Including Saturday’s 81-55 victory over Idaho, Nevada has now won its last four home games and 16 of its last 17 games at Lawlor Events Center. With its loss to UNLV on Dec. 9, the Wolf Pack saw its 12-game home winning streak dating back to last year come to an end, marking the team’s first home defeat since a 59-53 loss to Utah State on Jan. 23, 2006. The Wolf Pack has turned in a 52-6 record at Lawlor Events Center since the start of the 2003-04 season (.897 winning percentage). In 2005-06, the Wolf Pack turned in a 17-1 record at Lawlor Events Center, setting the school record for home victories in a single season. That bested the 15 victories the team turned in during the 2003-04 season. The Wolf Pack also turned in the second-best home winning percentage in school history in 2005-06 (.944), second only to the perfect 15-0 record the team turned in during that 2003-04 campaign. The Wolf Pack has won 73.4 percent of its games at Lawlor Events Center since it opened in 1983-84 (254-92 all-time).
 Nevada was listed as having the best home-court advantage in the WAC in this year’s Street & Smith’s Basketball Preview.

Junior Marcelus Kemp scored 22 points and senior Nick Fazekas added 19 points and 11 rebounds to lead Nevada to an 81-55 victory over Idaho on Saturday night in the Wolf Pack’s Western Athletic Conference opener.
 Kemp made 8-of-13 from the field and Fazekas 7-of-8 for the Wolf Pack, who went on a 20-6 run late in the first half and shot 56.6 percent on the game en route to its sixth straight win.
 Keoni Watson was the lone scorer in double figures with 19 for the Vandals, who were outrebounded 45-26 and shot only 31 percent from the field.
 Nevada led 46-28 at the half and by as much as 32 - 80-48 on freshman JaVale McGee's slam dunk off a pass from sophomore Lyndale Burleson with four minutes remaining.
 Fazekas added a game-high 11 rebounds for his 11th double-double of the season and 52nd of his career. Senior Kyle Shiloh, junior Ramon Sessions, junior David Ellis (career high for Ellis) and freshman Brandon Fields each scored seven points for the Wolf Pack.
 Fazekas scored eight consecutive points for Nevada early in the second half - three in a row off rebounds - and Kemp sandwiched a pair of three-point plays around Ellis' hook shot for a 66-37 lead with 13:37 left in the game. The lead grew to 78-45 when Ellis converted a 3-point play then Burleson scored on a break off a pass from Shiloh at 6:56.
 Kemp scored nine points in the first seven minutes of the game, including two three-pointers. Watson followed a three-point goal with a drive to the hoop to pull to 19-14 at 11:29.
 But Nevada outscored the Vandals 20-6 over the next seven minutes - including consecutive three-pointers by senior Denis Ikovlev, Sessions, Shiloh and Fazekas - and went ahead 39-20 on Sessions' basket inside off an inbounds pass at 4:29.
 Trevor Morris ended the Wolf Pack's 9-0 run with an 18-footer then Michael Crowell made a 3-pointer and Mitchell Johnson scored inside, was fouled and made the free throw to make it 43-28 but Kemp converted a three-point play of his own with 18 seconds on the clock to make it 46-28.
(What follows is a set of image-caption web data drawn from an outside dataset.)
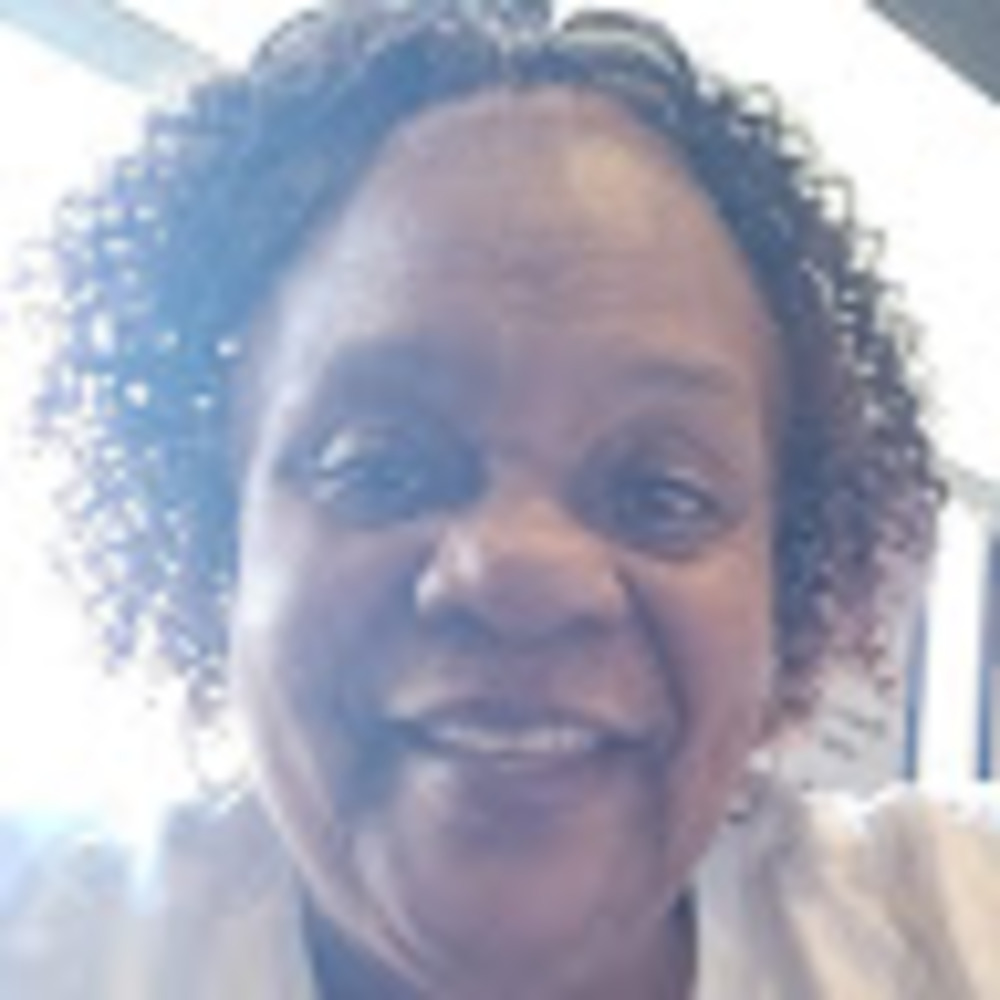 Meet your Posher, Deana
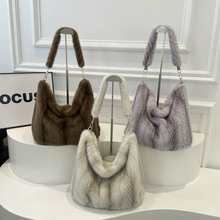 �ﶬ������ë�q����Ů2025�¿���������ذ�ͨ��Ůʿ�μ��ëë��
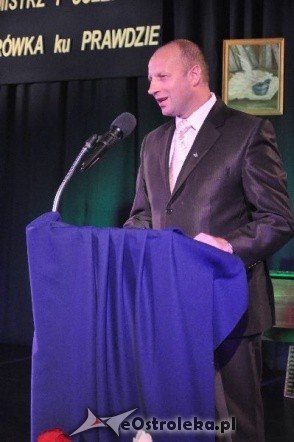 Uroczysta gala z okazji Dnia Edukacji Narodowej w SP 6 (13.X.2011) - zdjęcie #16 - eOstroleka.pl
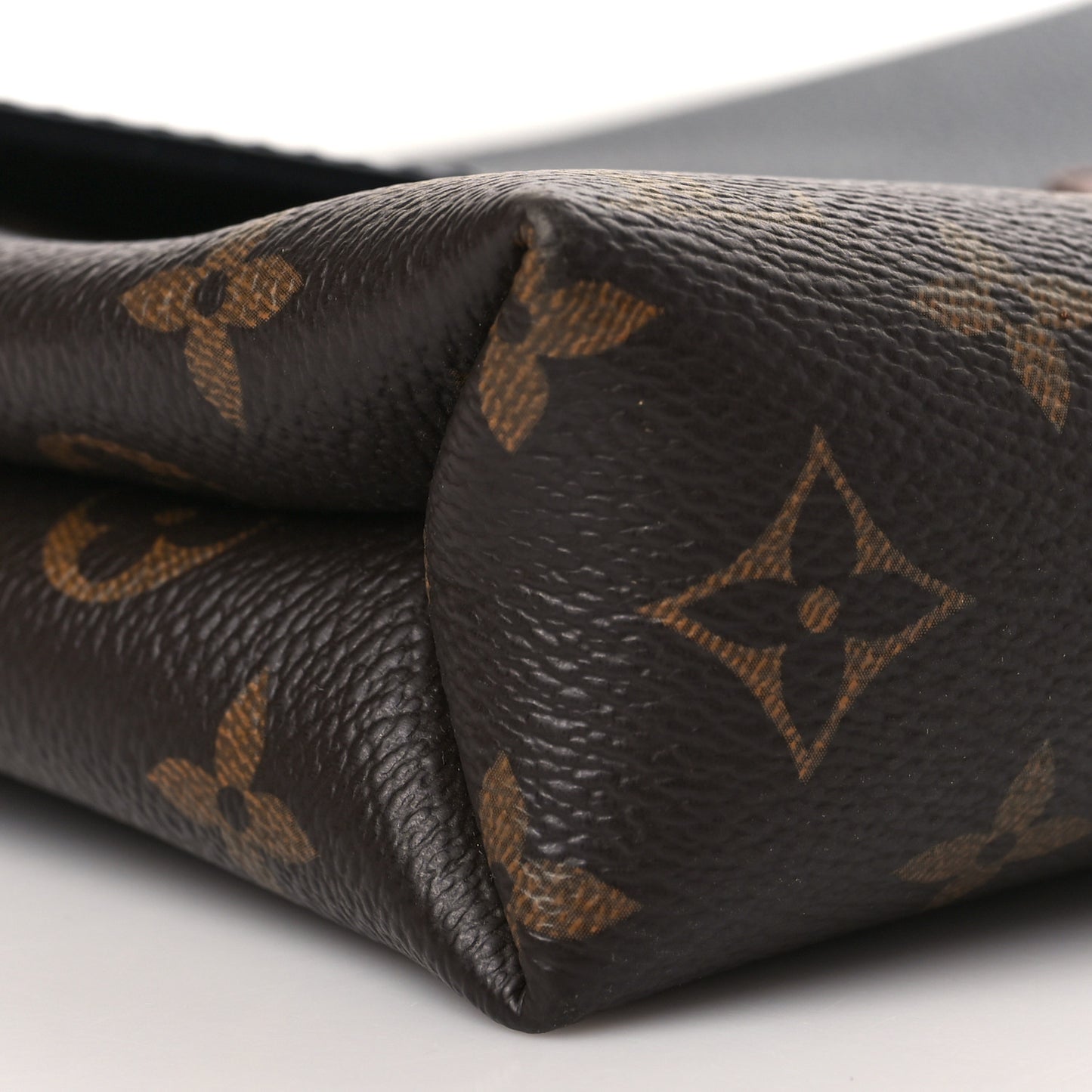 Monogram Pallas Chain Black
With Nevada’s Dec. 16 win over Pacific, seniors Nick Fazekas and Kyle Shiloh became the winningest players in school history and now have 90 career victories, passing Kevinn Pinkney (2002-05) for the distinction. Since starting their Wolf Pack careers in 2003-04, Fazekas and Shiloh have played on teams that have amassed a 90-23 mark, including the 25-7 NCAA squad in 2004-05 and a 27-6 NCAA team last season. Pinkney was a member of four squads that turned in an 85-43 record, including an NCAA Sweet Sixteen season in 2003-04 (25-9 record).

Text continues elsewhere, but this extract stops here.